Repeat exactly the lines of the records below, starting at the line containing "Buren, MO 63965" and ending at the line containing "Cover of the". Leave the pictures out.

> Material supplied:
================
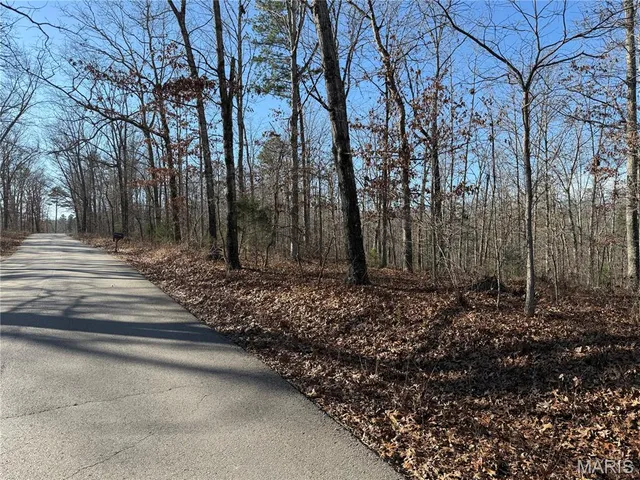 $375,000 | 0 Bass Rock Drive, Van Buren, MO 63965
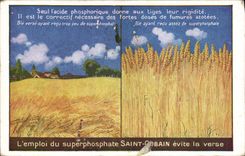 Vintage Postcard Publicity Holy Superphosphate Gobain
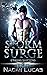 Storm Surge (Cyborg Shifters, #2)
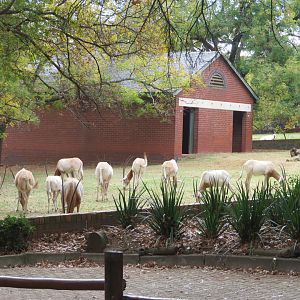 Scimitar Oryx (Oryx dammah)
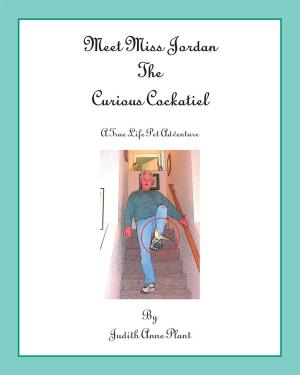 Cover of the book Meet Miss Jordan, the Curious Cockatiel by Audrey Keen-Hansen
================
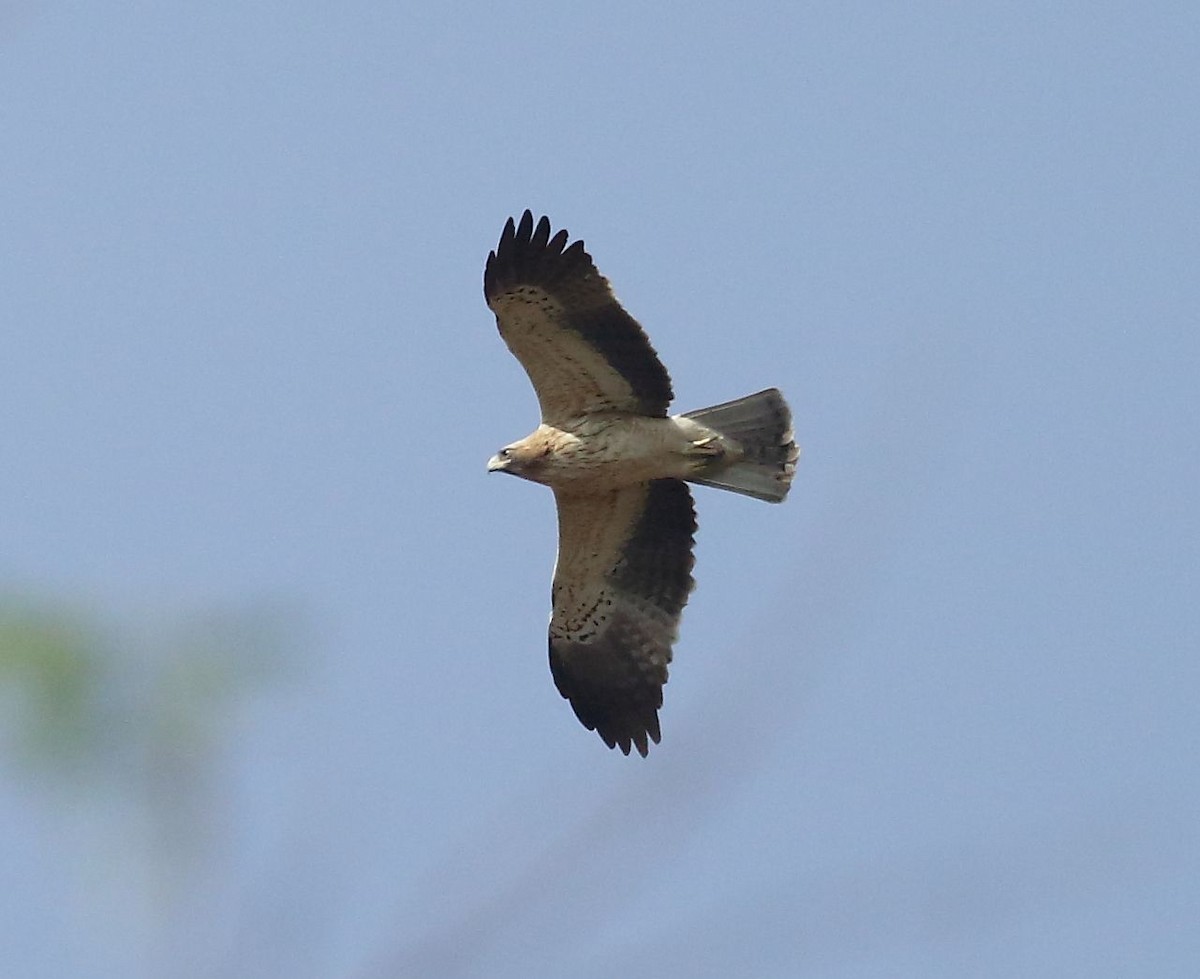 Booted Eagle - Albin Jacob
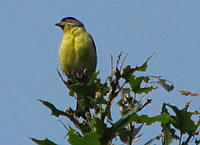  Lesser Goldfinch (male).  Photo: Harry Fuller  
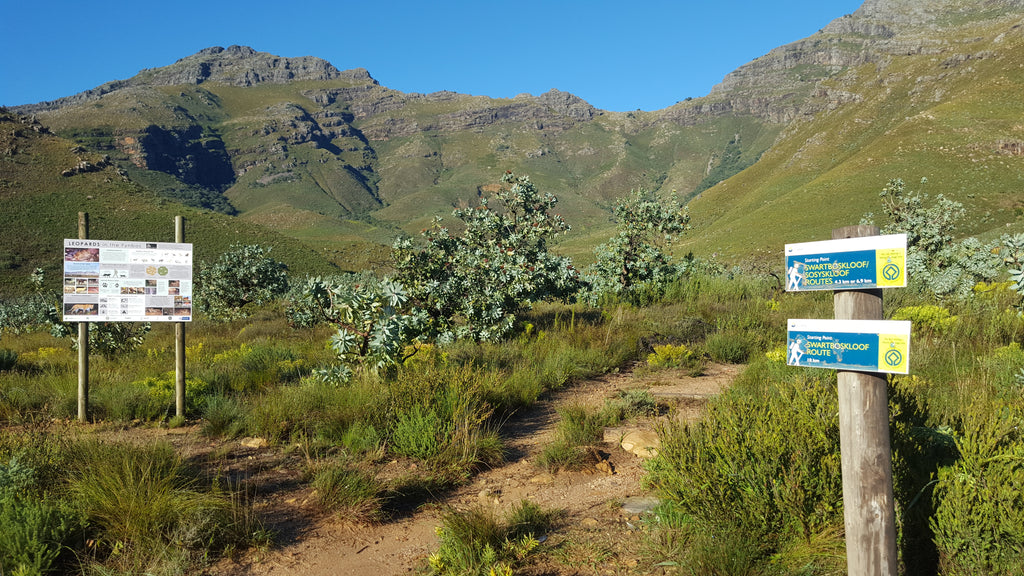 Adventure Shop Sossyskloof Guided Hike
================
> Reply to the task:
 $375,000 | 0 Bass Rock Drive, Van Buren, MO 63965
 Vintage Postcard Publicity Holy Superphosphate Gobain
 Storm Surge (Cyborg Shifters, #2)
 Scimitar Oryx (Oryx dammah)
 Cover of the book Meet Miss Jordan, the Curious Cockatiel by Audrey Keen-Hansen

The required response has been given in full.